I agree to your general sentiment that failing diagnostics can be confusing if they just reflect expected behavior (from the implementation point of view).

Let me just add that the typical user who makes use of that functionality is probably an advanced user who likes to get some quick correctness test for a custom operator they implemented. In that scenario, the diagnostics typically give a much larger error initially if there's a real issue in the implementation, more like in the order of 1. After fixing the bugs, the error may go down to single precision error. Since the user likely has a good understanding of the implementation details, they can tell if a failure is more likely due to loss of precision in one of the steps, or due to another, more subtle bug.
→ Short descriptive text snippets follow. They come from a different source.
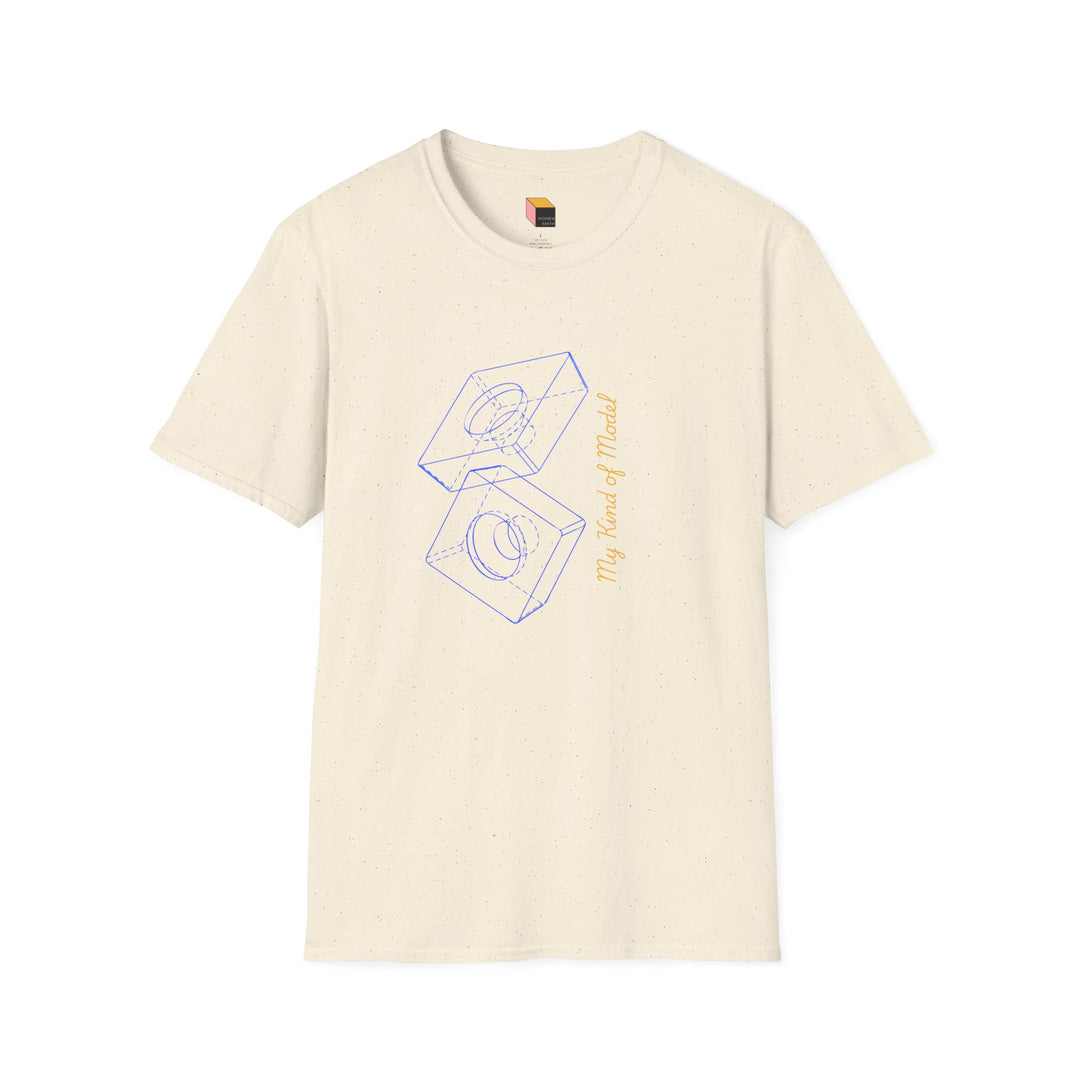 3D Model Pun. Engineer's T-Shirt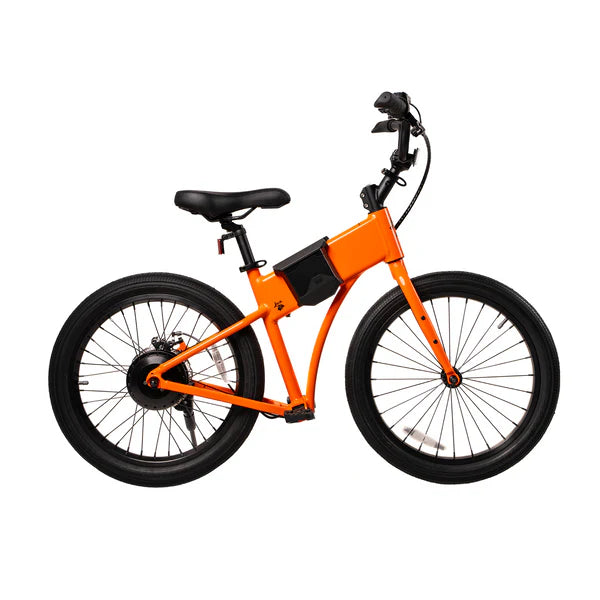 JackRabbit | Micro Electric Bike | Model OG2 Pro | 20” Street Tires | 500W Hub Motor | 24+ Mile Range | 30 lb Lightweight Frame | For Urban Commuting, Travel & Weekend Adventures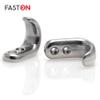 FASTON Two-Hole Clothes Hook, 31 x 16.5 mm, Polished A4 V4A Stainless Steel view 4
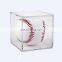clear single baseball cube acrylic cube baseball display case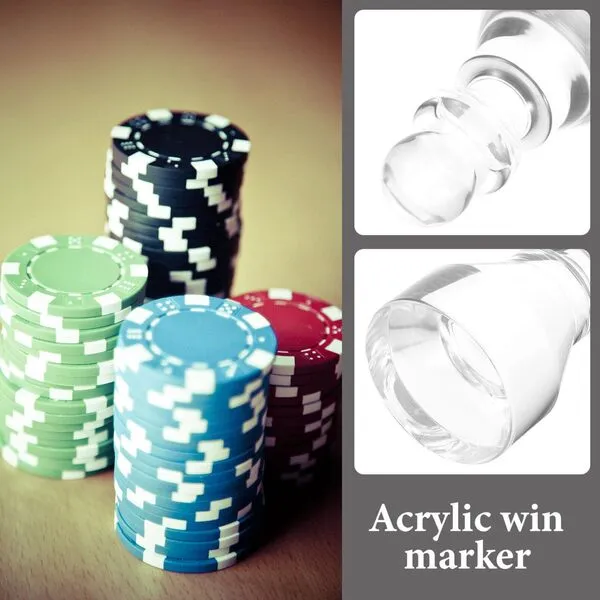 Happyyami Acrylic Roulette Win Marker Clear Ball Top Roulette Marker Transparent Roulette Ball for Roulette Wheel Las Vegas Game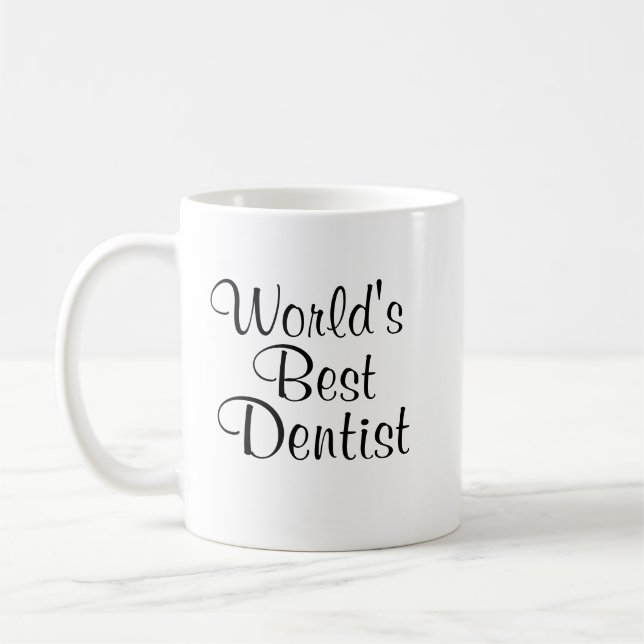 Caneca De Café O melhor dentista dos mundos (Esquerda)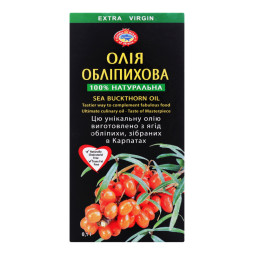 Šaltalankių aliejus 100% Extra Virgin, 100 ml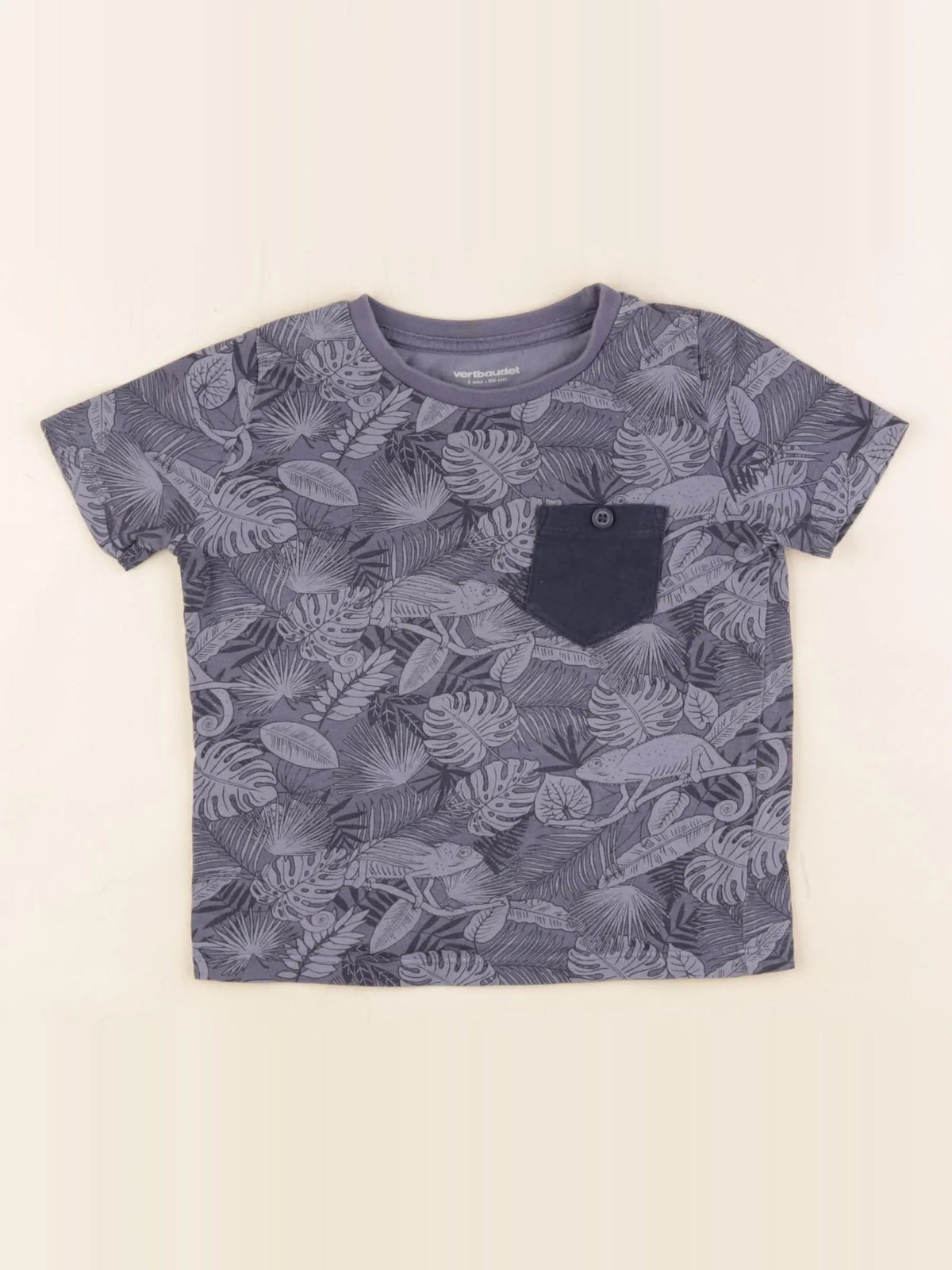 Vertbaudet - tee-shirt bleu - 2 ans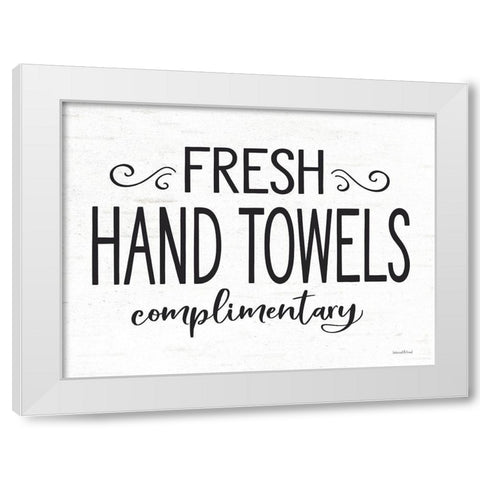 Fresh Hand Towels White Modern Wood Framed Art Print by Lettered and Lined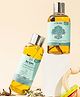 Nat Habit Baby Combo Body Massage and Baby Hair Oil For Bone & Muscle Development - Pack Of 2
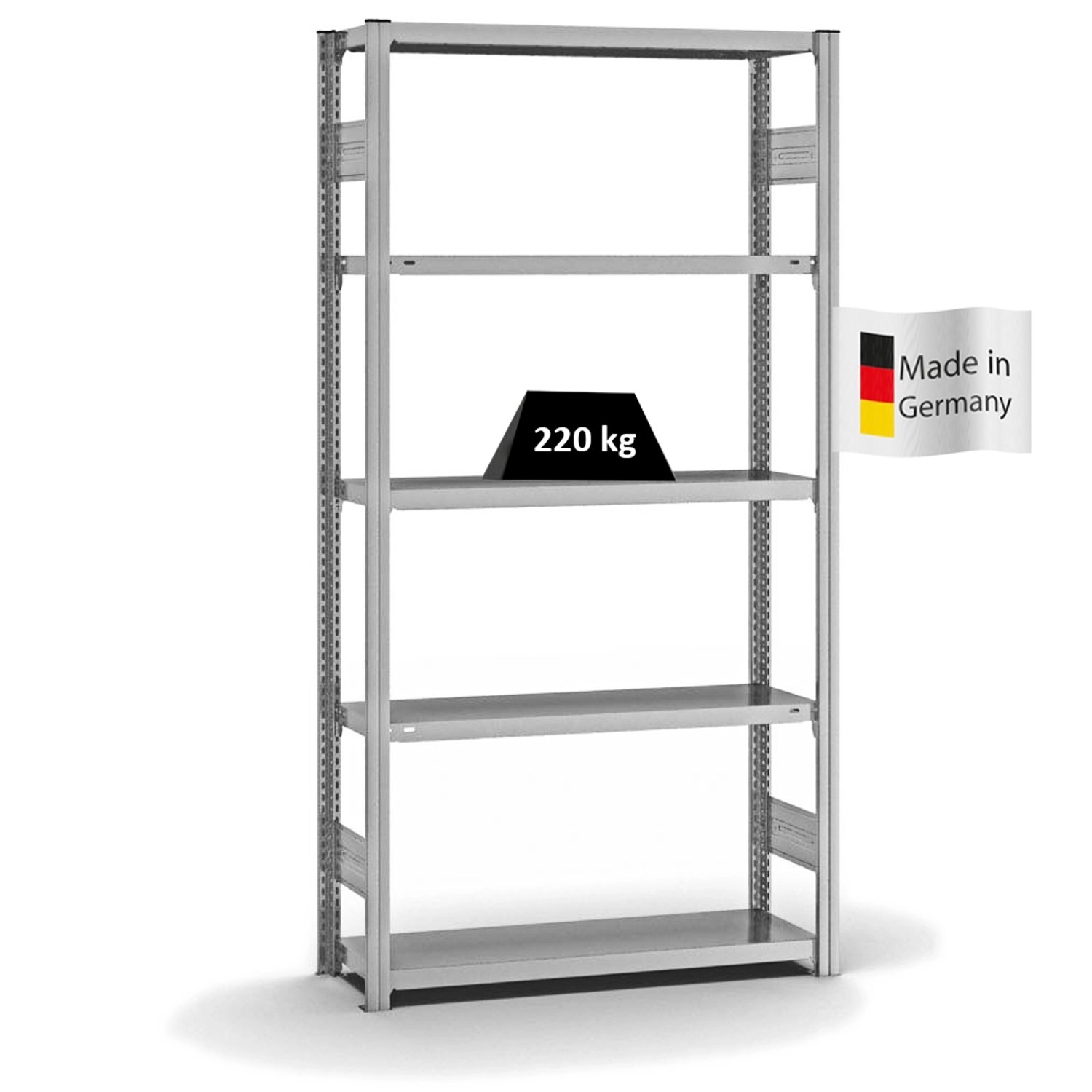 PROREGAL Fachbodenregal Stecksystem T-Profil Medium-Duty Grundregal HxBxT 200 x 100 x 30 cm 5 Ebenen Fachlast 220 kg Beidseitig Nutzbar Verzinkt PROREGAL Fachbodenregal Stecksystem T-Profil Medium-Duty Grundregal HxBxT 200 x 100 x 30 cm 5 Ebenen Fachlast 220 kg Beidseitig Nutzbar Verzinkt von PROREGAL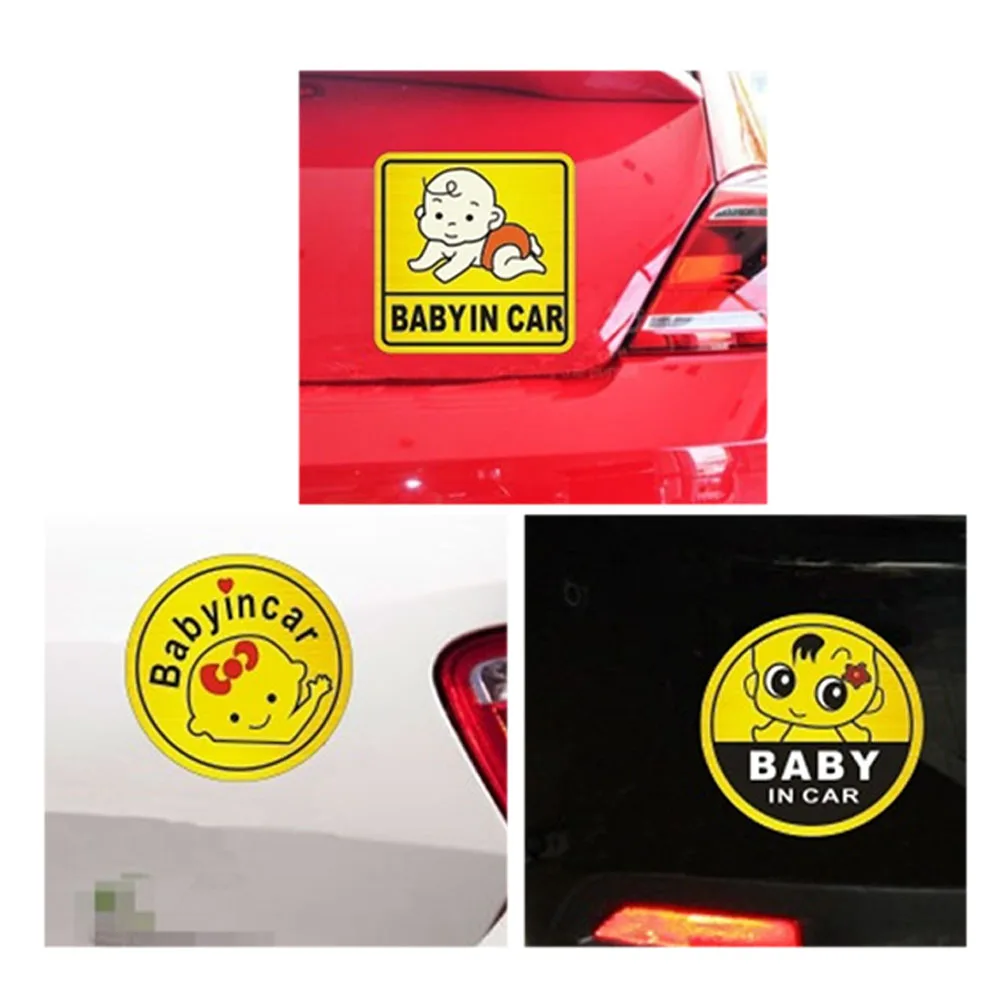 1 шт. Светоотражающая наклейка на автомобиль 11 х11 см|car sticker baby|baby in carsticker baby car |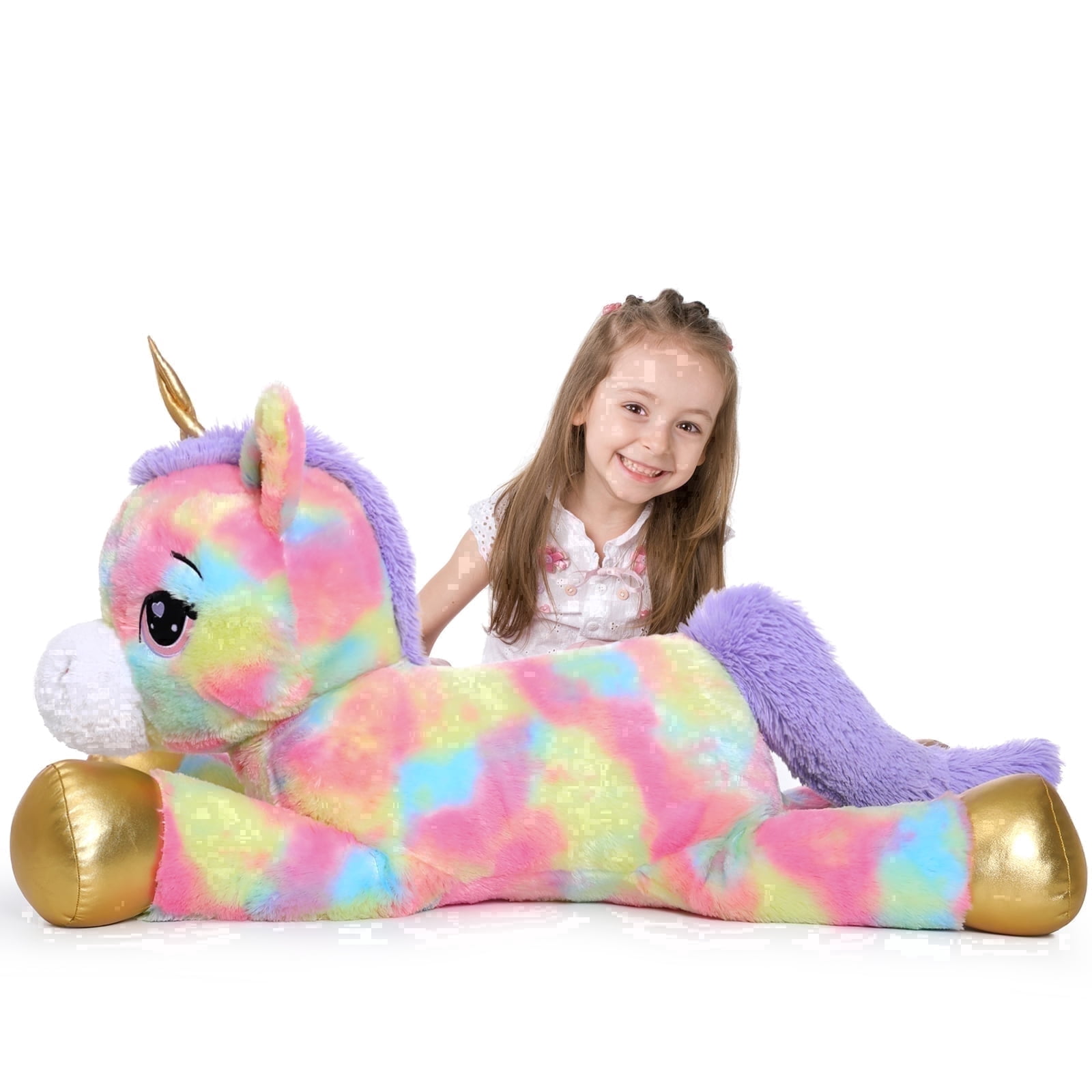 MaoGoLan 43'' Giant Unicorn Stuffed Animal Cute Colorful Unicorn Plush Toy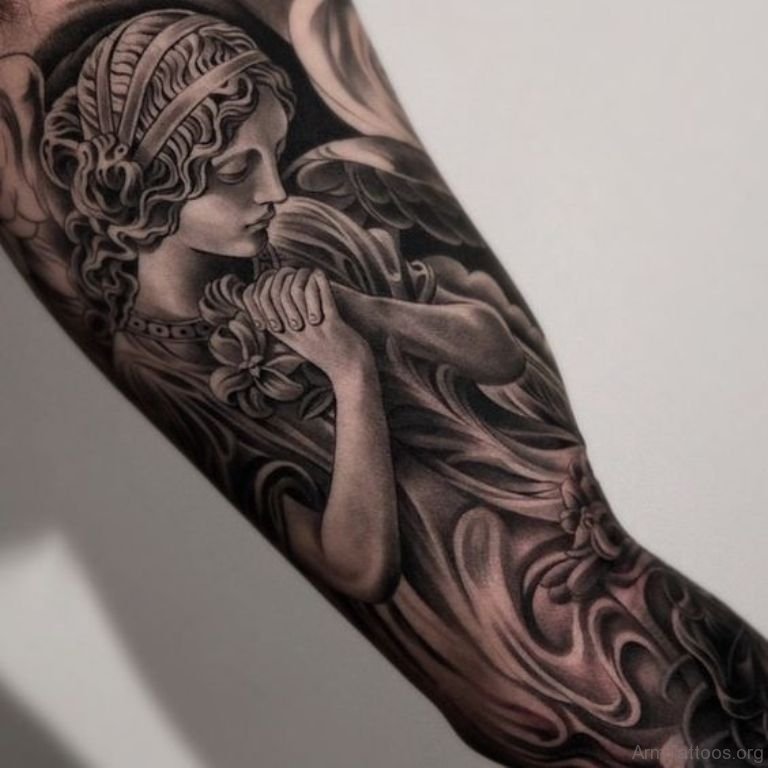 Amazing Angel Tattoo 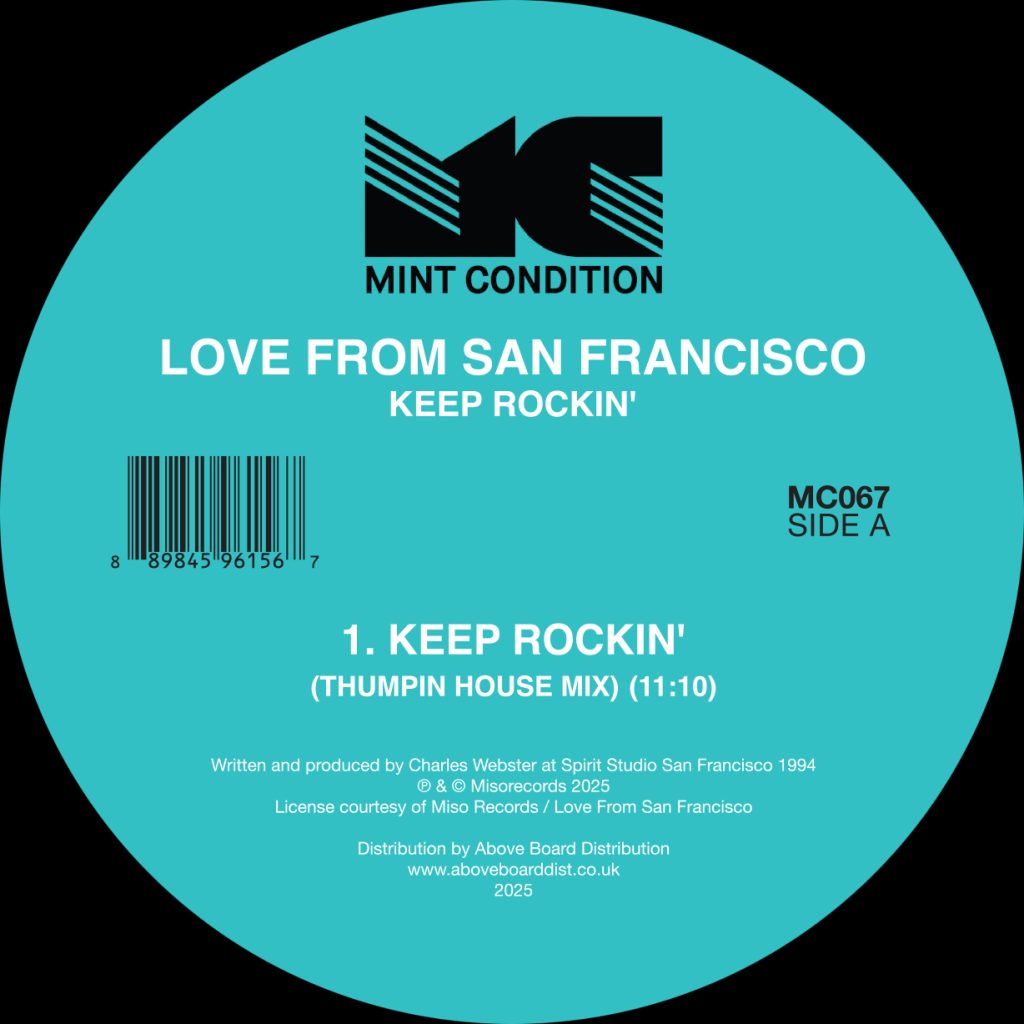 Love From San Francisco/KEEP ROCKIN' 12"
The diagnostics are less useful as a tool for somebody who browses the library and tests some random operator from the shelf. That said, we should definitely clarify the intention of this subpackage, and explain how to interpret results.

Also note that the linearity failure you observed was in an internal method that would not have been called by the public OperatorTest.derivative method.

If you run the adjointness tests you will see similar things with the ray transform. Adjointness is much harder to get correct, and with external libraries there's just nothing you can do but hope that they fix the issue for you.